The results have been instrumental to Green Bay’s late-season run.

During the team’s five-game winning streak to end the regular season, it allowed 16 plays of 20-plus yards. That was tied for the ninth-fewest. Essentially, the Packers cut their 20-yard play count from five per game to three per game.

More importantly, over those last five regular-season games, it allowed only one touchdown of 20-plus yards, fewest in the league. By contrast, including touchdowns against of 61 yards by tight end George Kittle and 43 yards by receiver Deebo Samuel in the loss to the 49ers, the Packers had given up seven touchdowns of 20-plus yards over the preceding seven games – third-most in the league.

As defensive coordinator Mike Pettine is fond of saying, a good defense is a noisy defense. Defenses that talk are defenses that are confident in what they’re seeing. Defenses that talk tend to be on the same page because any problems can be worked out before the snap.

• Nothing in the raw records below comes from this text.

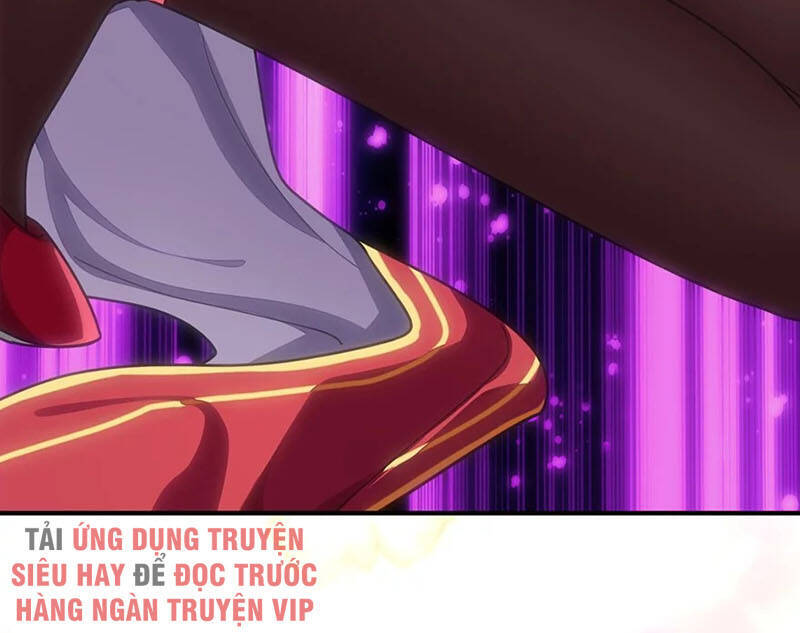 Bạn Gái Zombie Của Tôi Chapter 204 - 9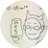 okicametaro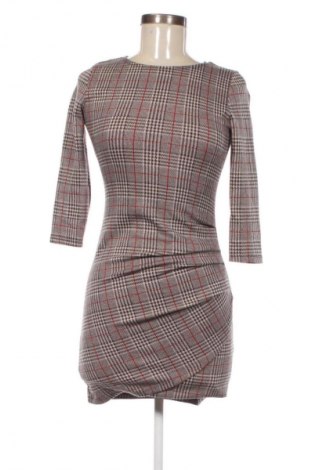 Šaty  Mango, Velikost XS, Barva Vícebarevné, Cena  209,00 Kč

“We came back to the drawing board, had conversations in meeting rooms, talked about some of the things that we needed to do better, and we really focused on it,” veteran defensive back Tramon Williams said. “We really focused on it. We were giving up too many big plays, and it wasn’t because we were incapable of covering it. It was because the communication wasn’t that great, and we made that a focal point of communicating better. Making sure that we overcommunicated, instead of assuming that guys knew what to do. So, we overcommunicate now, we make sure guys are in the right spots.”

The proof is in the pudding. During the season-ending winning streak, Green Bay allowed the second-fewest points in the league with 14.2 per game. That’s almost eight points less per game than the first 11 games. Even last week, Seattle’s rally had more to do with Russell Wilson’s brilliance than anything the defense did wrong.

“Without that game (at San Francisco), the way that game unfolded, we don’t know if we’d be the team we are right now,” Williams said. “I feel like because of that game, we’re a better team from it.”